Monsieur le président, nous n'ignorons évidemment pas les contraintes, notamment financières, qui pèsent sur ce dossier et nous concevons que nos suggestions puissent ne pas se concrétiser rapidement.

Pour autant, plusieurs objectifs pourraient être poursuivis. D'abord, il faudrait remédier à court terme aux disparités des outils d'évaluation de la dépendance, d'une part, dans les collectivités territoriales et les établissements d'hébergement des personnes âgées dépendantes (EHPAD), et, d'autre part, dans les organismes d'assurance. Bien que très technique, cet aspect ne doit pas être négligé. Ensuite, il conviendrait de faire converger ce qu'il est d'ores et déjà possible de faire converger dans les domaines des transports et du logement, où les problèmes se posent de façon très équivalente aux personnes handicapées et aux personnes âgées. Enfin, il serait nécessaire de ménager les solidarités familiales, qui offrent un appui très puissant, notamment au secteur de la dépendance : les aidants méritent d'être davantage soutenus par la collectivité publique.

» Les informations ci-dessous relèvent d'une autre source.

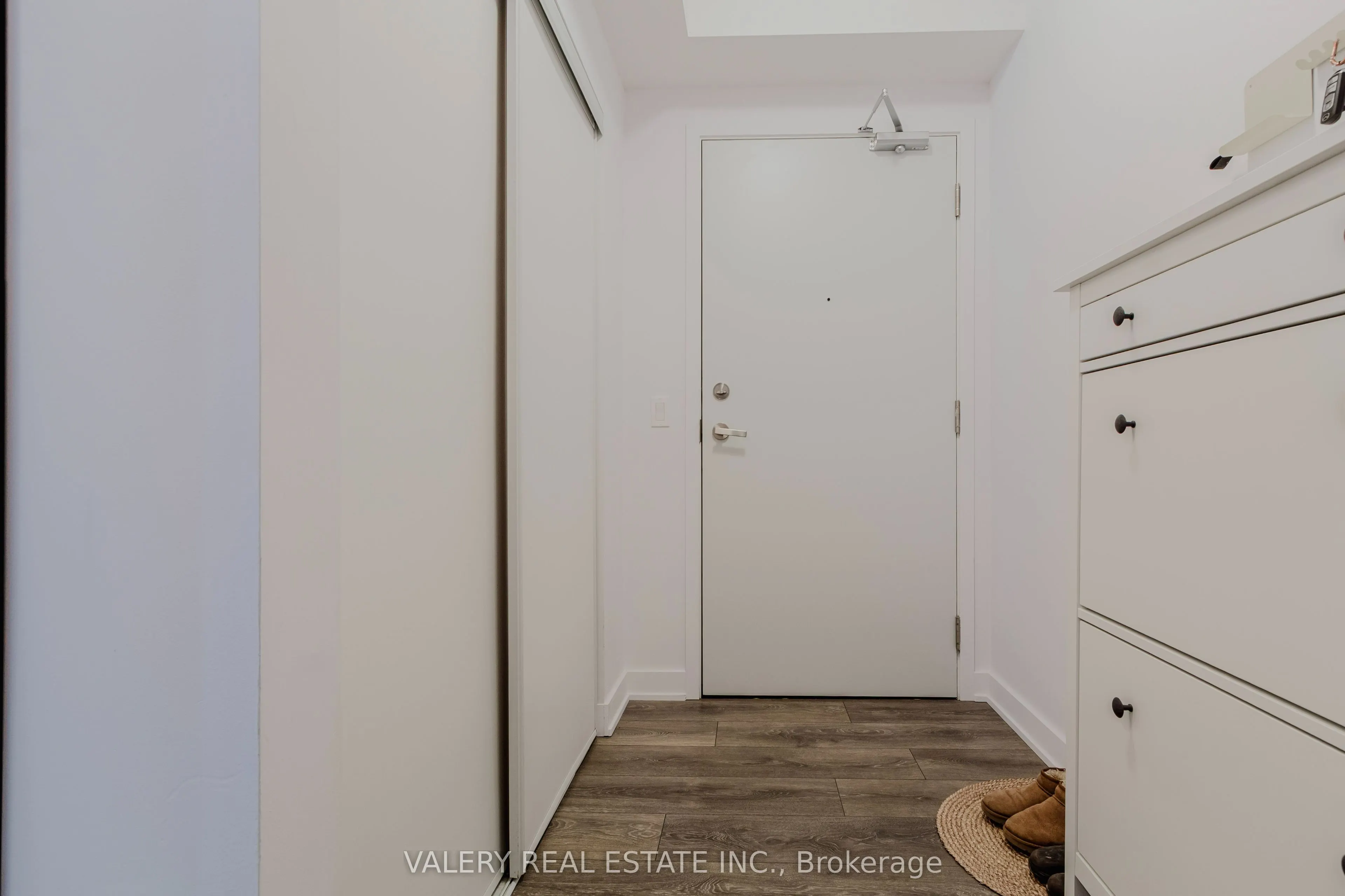 195 Redpath Avenue, #712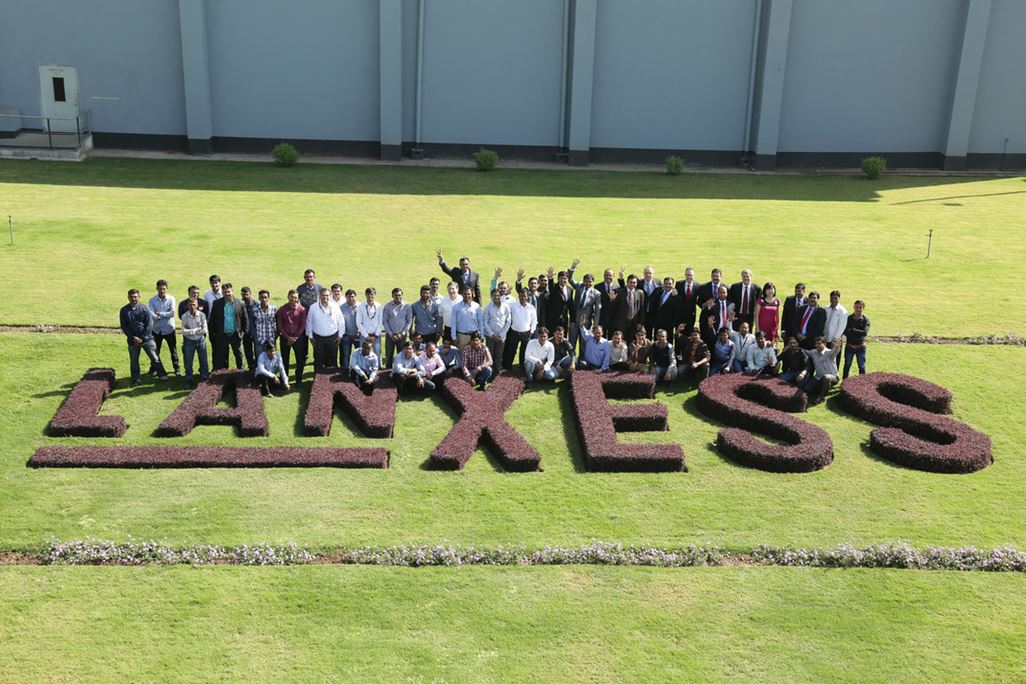 Jhagadia site employees group picture with LANXESs branding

Même si, par extraordinaire, les pouvoirs publics ne pouvaient pas mettre rapidement en place la prestation globale que nous appelons de nos voeux, des mesures restent envisageables pour le moyen terme. Bien évidemment, il ne faudrait rien faire, dans le secteur de la dépendance des personnes âgées, qui risque de compromettre l'ouverture du régime au secteur du handicap. Plus fondamentalement, il serait bon qu'une loi cadre fixe des principes susceptibles d'inspirer la réforme de la dépendance pour les personnes âgées, ainsi que son ouverture aux personnes handicapées : cela constituerait, pour les pouvoirs publics, un engagement politique plus net que celui qui figure déjà dans la loi du 11 février 2005. Serait d'ores et déjà consacré le principe même de convergence des prestations et de suppression de la barrière d'âge de 60 ans – il s'agit du premier principe. De la même façon, la loi cadre pourrait prévoir que la future prestation serait construite à partir du besoin d'autonomie et du projet de vie de chacun – deuxième principe ; que la solidarité nationale aurait une place majoritaire dans le financement du régime – troisième principe ; que la gouvernance ferait appel aux collectivités territoriales et au monde associatif de la solidarité – quatrième principe. Ainsi, poserait-on la base d'une réforme d'ensemble qui, dans l'immédiat, toucherait le secteur de la dépendance des personnes âgées, mais qui, dans le futur, pourrait inspirer la mise en place de la convergence que nous appelons de nos voeux.